### WHAT IS EXPECTED
Return the stretch from the line with "Женское сексуальное Вечерние" through the line with "Šperky4U Ocelový náramek" in the data below, character for character, skipping all pictures.

### DATA EXCERPTS
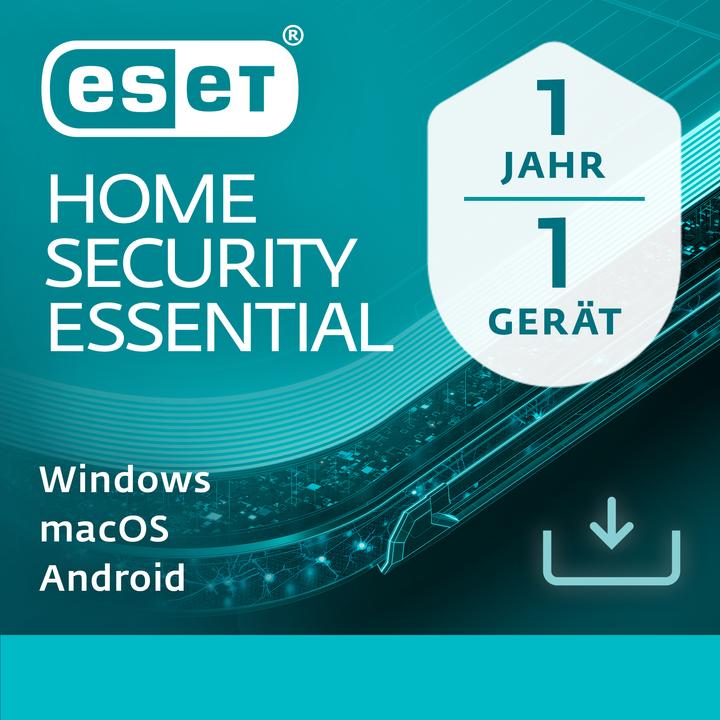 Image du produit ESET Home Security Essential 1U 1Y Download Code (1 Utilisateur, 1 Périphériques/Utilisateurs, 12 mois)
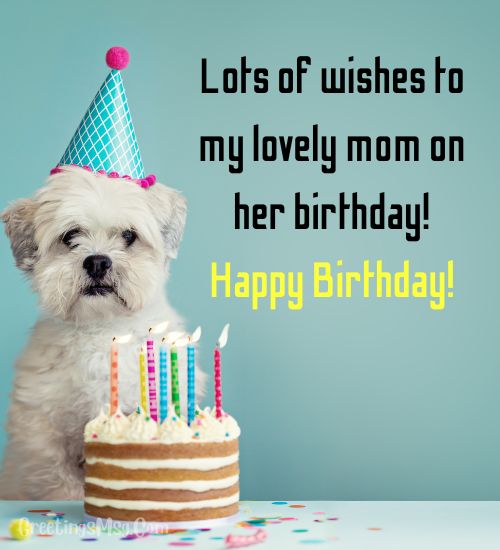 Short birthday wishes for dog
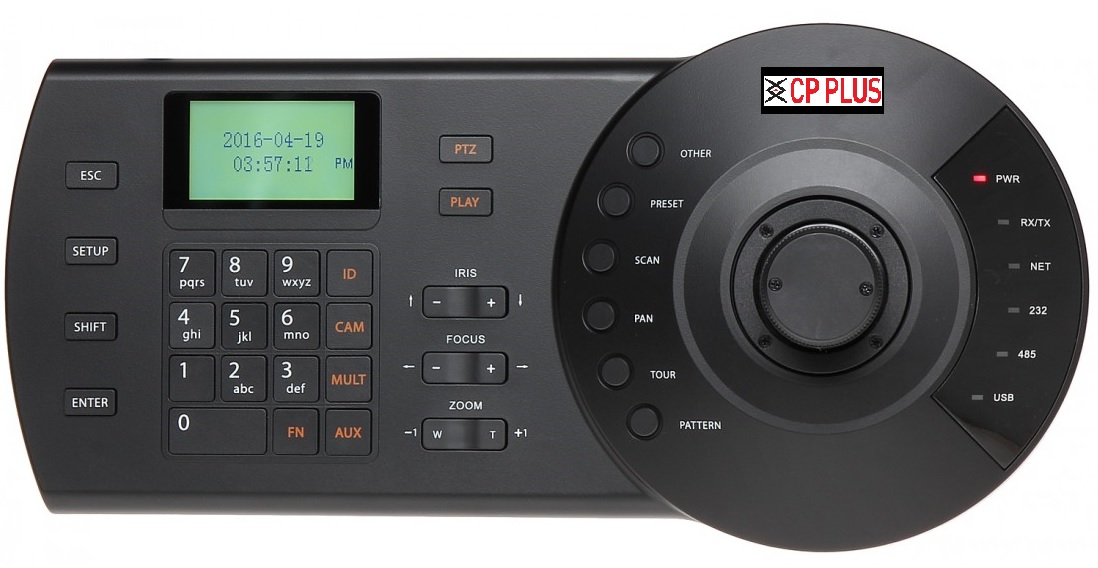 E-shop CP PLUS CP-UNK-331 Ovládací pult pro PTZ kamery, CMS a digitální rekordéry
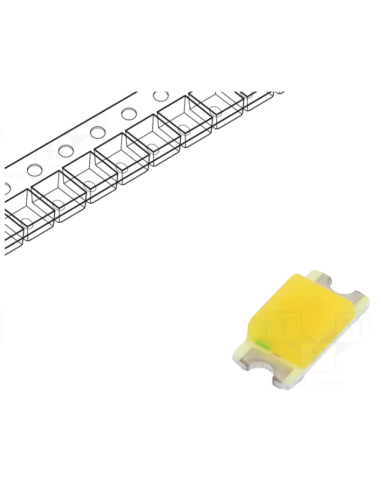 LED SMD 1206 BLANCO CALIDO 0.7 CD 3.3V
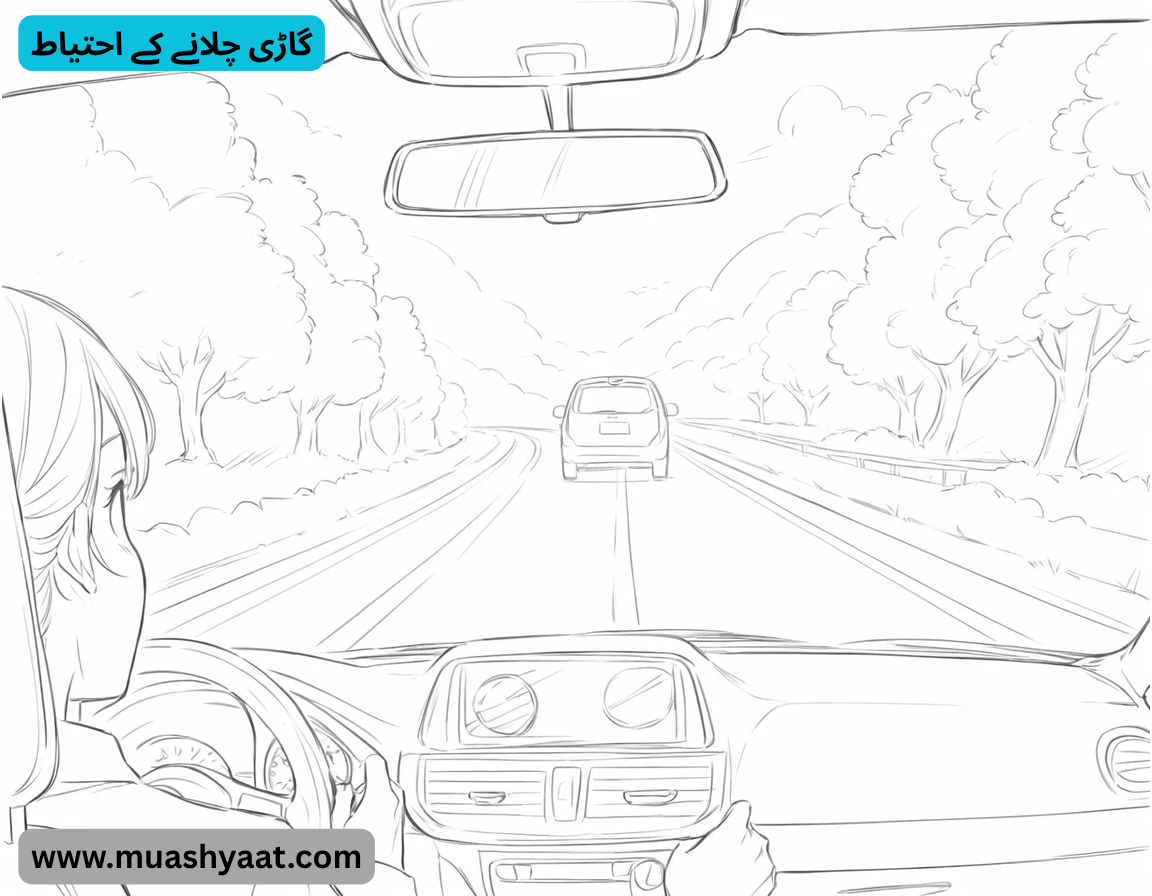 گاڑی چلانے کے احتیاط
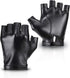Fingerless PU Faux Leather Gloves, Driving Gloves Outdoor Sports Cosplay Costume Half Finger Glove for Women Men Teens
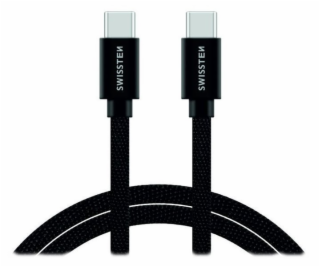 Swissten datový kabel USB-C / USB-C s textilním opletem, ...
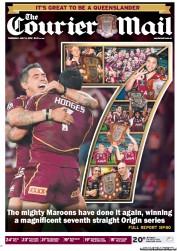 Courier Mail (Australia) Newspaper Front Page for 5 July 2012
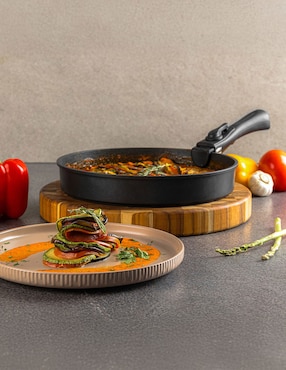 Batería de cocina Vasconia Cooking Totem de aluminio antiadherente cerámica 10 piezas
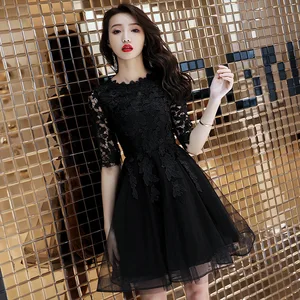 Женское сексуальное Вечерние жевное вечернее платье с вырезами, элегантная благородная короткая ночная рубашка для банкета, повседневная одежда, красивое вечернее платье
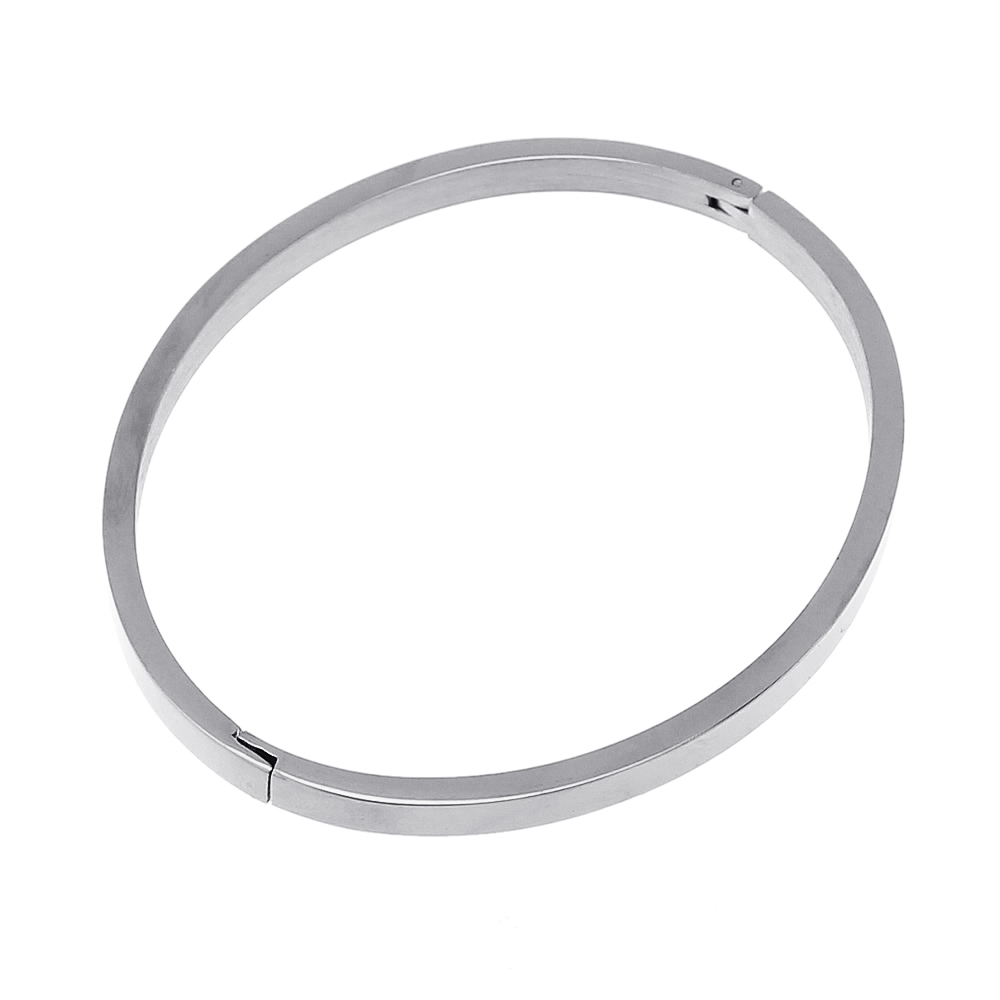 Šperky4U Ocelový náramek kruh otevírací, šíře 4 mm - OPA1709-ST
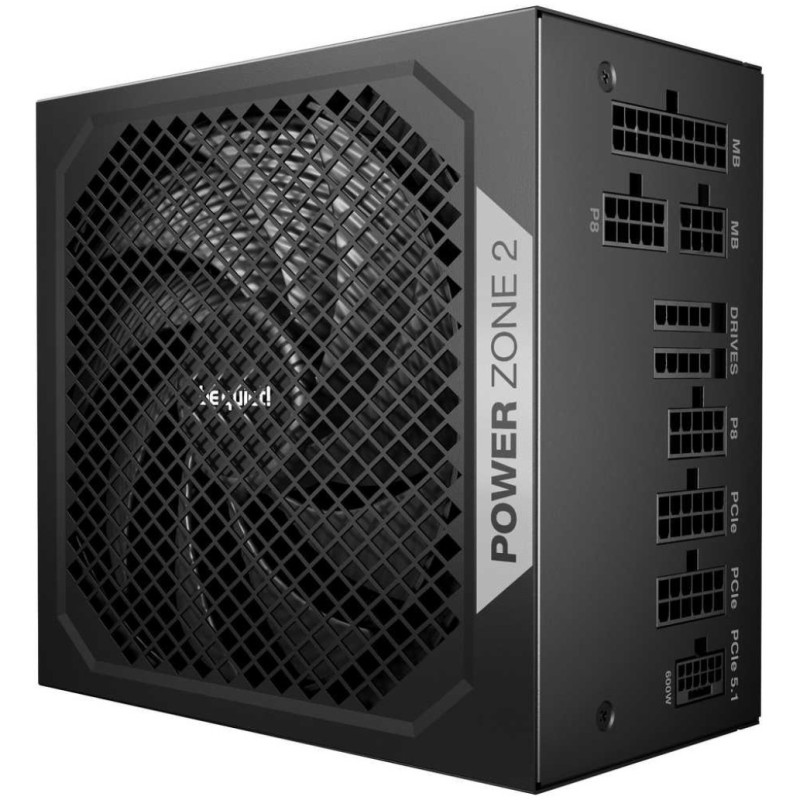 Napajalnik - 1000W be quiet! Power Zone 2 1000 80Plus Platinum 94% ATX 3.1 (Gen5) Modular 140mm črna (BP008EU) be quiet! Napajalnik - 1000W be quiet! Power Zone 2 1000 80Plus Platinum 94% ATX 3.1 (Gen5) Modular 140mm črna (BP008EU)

### WRITTEN ANSWER
 Женское сексуальное Вечерние жевное вечернее платье с вырезами, элегантная благородная короткая ночная рубашка для банкета, повседневная одежда, красивое вечернее платье
 Šperky4U Ocelový náramek kruh otevírací, šíře 4 mm - OPA1709-ST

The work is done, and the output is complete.